Hedging with Leveraged Funds

Hello,

I found this article on shorting both UPRO & SPXU at the same time. I put it in a screener:

http://www.portfolio123.com/app/screen/summary/46207?st=1

And it actually works. I used 0.1 slippage and it can handle more if the rebalance period stays at 4 weeks. I tried other leveraged ETF’s and it works with them also.

It does really well during bear markets and at first glance could be used with market timing to increase returns during bear markets. Does this seem feasible?

Here is the article if you are interested:

Any thoughts would be appreciated.

Regards,
Mark V.

Mark, thanks for the idea. I have been thinking about this for a while and it would certainly have worked over the recent past but what do you think about the following comment by “klarsolo” to the Seeking Alpha article?

"You may be hedged against a quick move in any direction, but you’re not hedged against a strong trend that lasts for weeks or even months. Or what about a strong trend that lasts for years? How do you manage the risks there? How do you rebalance your ultra ETFs?

Don’t get me wrong - I like the strategy, but I would not advocate anybody doing this without having a good understanding of the risks. " - klarsolo

Thanks,
Chip

Hello Chip,

I don’t think runaway markets matter since the screener shows you make money. The question is how much slippage would you incure in real life trading?

Using 0.1 slippage during bear markets this strategy performs extremely well. Good return and average volatility. Not sure if it does in real life because I don’t know the real life slippage.
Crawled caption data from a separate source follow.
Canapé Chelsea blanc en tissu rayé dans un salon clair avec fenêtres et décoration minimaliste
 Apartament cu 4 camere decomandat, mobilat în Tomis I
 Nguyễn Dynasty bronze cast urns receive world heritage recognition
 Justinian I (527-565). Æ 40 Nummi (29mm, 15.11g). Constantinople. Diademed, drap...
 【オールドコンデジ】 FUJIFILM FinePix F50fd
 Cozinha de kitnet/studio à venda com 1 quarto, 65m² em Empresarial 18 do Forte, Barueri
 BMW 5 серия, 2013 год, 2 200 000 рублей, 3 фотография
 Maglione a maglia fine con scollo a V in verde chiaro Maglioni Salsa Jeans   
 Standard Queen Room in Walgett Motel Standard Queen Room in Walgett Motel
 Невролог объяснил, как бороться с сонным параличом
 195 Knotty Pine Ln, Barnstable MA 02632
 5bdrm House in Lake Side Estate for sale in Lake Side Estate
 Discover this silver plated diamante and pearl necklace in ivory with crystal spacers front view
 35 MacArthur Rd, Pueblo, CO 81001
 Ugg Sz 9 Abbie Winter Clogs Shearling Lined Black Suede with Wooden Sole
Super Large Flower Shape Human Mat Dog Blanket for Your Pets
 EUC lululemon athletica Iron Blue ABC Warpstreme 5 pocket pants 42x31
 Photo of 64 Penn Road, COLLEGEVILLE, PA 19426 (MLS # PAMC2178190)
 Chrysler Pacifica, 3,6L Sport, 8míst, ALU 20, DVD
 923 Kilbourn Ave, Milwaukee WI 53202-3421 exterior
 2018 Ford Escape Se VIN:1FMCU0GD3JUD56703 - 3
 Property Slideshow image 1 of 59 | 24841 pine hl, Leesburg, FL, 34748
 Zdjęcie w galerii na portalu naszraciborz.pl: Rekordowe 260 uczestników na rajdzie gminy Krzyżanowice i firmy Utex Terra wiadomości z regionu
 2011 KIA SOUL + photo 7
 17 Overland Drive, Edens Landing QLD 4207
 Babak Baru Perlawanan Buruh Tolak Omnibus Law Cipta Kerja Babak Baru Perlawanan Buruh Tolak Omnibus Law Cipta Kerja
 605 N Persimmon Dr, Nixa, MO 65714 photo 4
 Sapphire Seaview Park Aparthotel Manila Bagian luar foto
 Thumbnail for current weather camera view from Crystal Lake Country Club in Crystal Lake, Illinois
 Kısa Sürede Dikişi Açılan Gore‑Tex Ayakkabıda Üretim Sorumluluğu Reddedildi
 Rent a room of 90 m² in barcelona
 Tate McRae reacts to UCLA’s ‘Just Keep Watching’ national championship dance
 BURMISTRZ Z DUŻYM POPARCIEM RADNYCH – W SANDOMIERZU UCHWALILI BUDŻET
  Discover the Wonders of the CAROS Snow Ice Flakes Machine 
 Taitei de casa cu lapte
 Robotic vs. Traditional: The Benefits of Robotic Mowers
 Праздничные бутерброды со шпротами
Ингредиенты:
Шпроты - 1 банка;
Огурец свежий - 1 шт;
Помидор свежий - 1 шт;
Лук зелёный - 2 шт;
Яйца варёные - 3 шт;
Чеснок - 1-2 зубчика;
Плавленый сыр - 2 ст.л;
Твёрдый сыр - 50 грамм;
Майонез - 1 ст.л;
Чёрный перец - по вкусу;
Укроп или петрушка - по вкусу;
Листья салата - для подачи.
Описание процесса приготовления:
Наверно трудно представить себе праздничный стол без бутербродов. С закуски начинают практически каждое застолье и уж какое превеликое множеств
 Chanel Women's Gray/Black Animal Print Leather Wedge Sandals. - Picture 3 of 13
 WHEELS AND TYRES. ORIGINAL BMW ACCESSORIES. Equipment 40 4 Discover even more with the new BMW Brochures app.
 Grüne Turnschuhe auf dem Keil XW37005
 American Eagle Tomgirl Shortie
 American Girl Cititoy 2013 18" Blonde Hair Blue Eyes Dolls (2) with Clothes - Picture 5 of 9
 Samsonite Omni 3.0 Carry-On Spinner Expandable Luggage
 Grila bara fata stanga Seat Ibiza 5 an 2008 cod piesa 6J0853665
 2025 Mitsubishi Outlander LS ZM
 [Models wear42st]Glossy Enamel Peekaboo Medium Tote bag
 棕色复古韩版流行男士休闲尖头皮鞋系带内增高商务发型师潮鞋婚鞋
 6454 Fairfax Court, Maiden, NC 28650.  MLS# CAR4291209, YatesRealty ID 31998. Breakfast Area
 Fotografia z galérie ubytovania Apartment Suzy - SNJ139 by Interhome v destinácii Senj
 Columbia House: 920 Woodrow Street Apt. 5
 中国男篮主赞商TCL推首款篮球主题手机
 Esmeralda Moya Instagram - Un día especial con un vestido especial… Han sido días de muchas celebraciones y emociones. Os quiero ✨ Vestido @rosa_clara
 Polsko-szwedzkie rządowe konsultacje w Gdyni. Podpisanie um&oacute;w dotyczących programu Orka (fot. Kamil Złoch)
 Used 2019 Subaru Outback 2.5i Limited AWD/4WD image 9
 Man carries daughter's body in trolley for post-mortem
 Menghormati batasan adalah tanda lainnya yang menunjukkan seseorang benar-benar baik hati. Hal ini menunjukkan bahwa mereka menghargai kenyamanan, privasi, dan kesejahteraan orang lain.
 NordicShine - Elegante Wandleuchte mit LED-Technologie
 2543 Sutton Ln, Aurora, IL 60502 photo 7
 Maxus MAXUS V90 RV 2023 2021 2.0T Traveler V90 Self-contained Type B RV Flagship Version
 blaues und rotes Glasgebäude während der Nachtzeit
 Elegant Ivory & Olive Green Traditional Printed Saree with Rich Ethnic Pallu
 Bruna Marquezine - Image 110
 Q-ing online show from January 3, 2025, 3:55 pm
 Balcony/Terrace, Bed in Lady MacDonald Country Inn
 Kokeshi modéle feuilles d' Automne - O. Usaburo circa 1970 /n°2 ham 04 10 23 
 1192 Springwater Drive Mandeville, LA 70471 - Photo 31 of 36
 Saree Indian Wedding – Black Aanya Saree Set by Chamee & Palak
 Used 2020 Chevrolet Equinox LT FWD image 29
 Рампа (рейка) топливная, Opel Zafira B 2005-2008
During Bull markets it does not perform as well as most P123 models so I would not consider it.

Regards,
Mark V.

I looked into this strategy a while ago, and if I recall correctly, it is difficult to short leveraged ETFs.

I believe that most of them are “hard to borrow,” so it would be costly (high interest rates) to short them. Additionally, there would be a risk that your broker would be forced to close at least one side of your position at some point in the future, which would either unwind your strategy, or leave you unhedged for one side of the market.

Check with your broker to see if you can short both UPRO and SPXU.

By the way, these potential constraints could also pose a problem for the hedging strategy feature for P123 portfolios.

This is an old post but my experience may help someone…

“there would be a risk that your broker would be forced to close at least one side of your position at some point in the future, which would either unwind your strategy, or leave you unhedged for one side of the market”

=> IB did it to me last year in my supposed maket-neutral strategy (shorting a pair of 3x opposed ETFs on the same sector). And the closed side was still shortable on their site, it should not have happened. If you are not able to close yourself when they send you the alert, they force the order. The only guarantee you have is to get price between the low and the high of the day.

BTW don’t forget to take into account the borrowing rate, it is higher than for other kinds of ETFs (and vary from one day to the other)

Summary: backtesting this kind of strat is definitely not reliable.